図解住まいの寸法
暮らしから考える設計のポイント

はじめに

 お客様や工務店などからプランニングを依頼される際、多くがリビング・ダイニング20畳、主寝室10畳+ウォークインクローゼット、和室6帖など、プランに含める部屋の種類と広さでリクエストされます。お客様がその部屋ですること、したいことも十分わからない中で、多くの設計者はそれを実現すべく苦慮するわけですが、それで出来上がった家はお客様にとって満足のいく家となるのでしょうか?
 日本人は、家族全員が和室(茶の間)で寛ぎ、食事をして、就寝する際はテーブルを畳んで布団を敷くというスタイルで長く生活してきました。現在では、洋風化が進み、リビングで寛ぎ、ダイニングで食事をし、寝室で就寝するなど、機能が分かれて多くの部屋が必要となってきましたが、ここで考えないといけないことは、ダイニングは食事だけの空間ではないということです。洗面室は洗濯機と洗面台を置くだけでは満足のいく空間にならないということです。

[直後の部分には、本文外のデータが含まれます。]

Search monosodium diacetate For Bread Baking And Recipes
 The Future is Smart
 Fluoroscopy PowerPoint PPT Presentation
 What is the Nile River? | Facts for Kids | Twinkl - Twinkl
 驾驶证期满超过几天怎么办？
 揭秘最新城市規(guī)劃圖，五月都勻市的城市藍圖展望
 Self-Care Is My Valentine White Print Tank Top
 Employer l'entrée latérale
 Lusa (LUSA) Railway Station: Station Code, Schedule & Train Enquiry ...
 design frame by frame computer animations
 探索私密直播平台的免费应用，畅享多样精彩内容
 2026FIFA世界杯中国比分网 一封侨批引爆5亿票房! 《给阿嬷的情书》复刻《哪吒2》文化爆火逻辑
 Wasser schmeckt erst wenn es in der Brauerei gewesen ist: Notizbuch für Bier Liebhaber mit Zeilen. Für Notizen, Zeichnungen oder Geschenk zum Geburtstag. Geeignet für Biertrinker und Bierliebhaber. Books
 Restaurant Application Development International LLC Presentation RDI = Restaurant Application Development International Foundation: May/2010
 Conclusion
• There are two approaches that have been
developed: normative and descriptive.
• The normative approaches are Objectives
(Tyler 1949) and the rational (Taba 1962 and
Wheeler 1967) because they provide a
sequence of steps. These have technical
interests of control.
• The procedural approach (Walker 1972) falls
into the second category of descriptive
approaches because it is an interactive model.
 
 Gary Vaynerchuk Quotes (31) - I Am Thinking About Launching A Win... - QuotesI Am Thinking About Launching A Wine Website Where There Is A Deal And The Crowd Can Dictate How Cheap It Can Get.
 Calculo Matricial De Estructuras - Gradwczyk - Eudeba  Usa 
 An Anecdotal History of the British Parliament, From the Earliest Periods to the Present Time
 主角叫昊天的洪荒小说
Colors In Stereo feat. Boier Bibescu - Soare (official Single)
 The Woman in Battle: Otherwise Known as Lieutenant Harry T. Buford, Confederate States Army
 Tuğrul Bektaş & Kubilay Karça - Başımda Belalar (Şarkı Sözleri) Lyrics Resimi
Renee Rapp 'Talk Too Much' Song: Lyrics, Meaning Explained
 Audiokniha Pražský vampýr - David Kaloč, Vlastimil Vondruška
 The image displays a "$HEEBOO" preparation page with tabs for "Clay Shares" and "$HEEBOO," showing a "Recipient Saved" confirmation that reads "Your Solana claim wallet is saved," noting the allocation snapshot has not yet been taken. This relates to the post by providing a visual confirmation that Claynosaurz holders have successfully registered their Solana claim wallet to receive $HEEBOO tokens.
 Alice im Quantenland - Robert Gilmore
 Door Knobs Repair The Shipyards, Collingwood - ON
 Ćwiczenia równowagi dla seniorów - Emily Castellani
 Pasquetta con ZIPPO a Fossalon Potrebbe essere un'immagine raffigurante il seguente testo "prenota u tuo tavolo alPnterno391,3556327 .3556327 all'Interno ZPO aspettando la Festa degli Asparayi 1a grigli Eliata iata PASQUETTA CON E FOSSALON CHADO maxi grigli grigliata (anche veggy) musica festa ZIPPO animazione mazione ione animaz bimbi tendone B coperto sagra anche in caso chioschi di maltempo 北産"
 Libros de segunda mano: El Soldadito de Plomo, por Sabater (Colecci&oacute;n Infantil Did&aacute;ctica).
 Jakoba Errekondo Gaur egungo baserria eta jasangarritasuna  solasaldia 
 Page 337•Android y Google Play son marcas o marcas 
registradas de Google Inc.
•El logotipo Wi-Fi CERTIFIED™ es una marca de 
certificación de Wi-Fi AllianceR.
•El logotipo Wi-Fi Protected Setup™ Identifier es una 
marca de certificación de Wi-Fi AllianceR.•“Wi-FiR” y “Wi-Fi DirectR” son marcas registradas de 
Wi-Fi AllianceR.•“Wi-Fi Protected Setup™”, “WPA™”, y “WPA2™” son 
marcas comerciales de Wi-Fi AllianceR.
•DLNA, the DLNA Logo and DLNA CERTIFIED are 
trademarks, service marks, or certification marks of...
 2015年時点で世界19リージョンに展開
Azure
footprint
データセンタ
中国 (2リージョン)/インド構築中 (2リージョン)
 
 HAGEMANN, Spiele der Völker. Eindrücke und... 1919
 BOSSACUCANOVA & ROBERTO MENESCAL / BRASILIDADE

 又、浴槽やキッチンの大きさは家族数や住宅規模の大小で、さほど変わらなくても、30坪と60坪の家の玄関が同じ広さでは違和感があります。生活行為が支障なく行えるだけでなく、住宅の規模に対して個々の空間をバランスよく設計することも重要です。
 本書では、住宅を13の空間に分けて、それぞれの空間が持つ機能と要素を整理した上で、その空間内で行われる生活行為に対して、支障のない空間寸法を理解しやすくまとめています。又、安全や高齢者対応、プライバシー、採光換気、収納などの観点から配慮すべき寸法についても、住宅の品質確保の促進等に関する法律で定められた、住宅性能評価の規定等を例に詳しく説明しています。住まいやすさ実現のための寸法の基準書として、本書をご活用いただけると幸いです。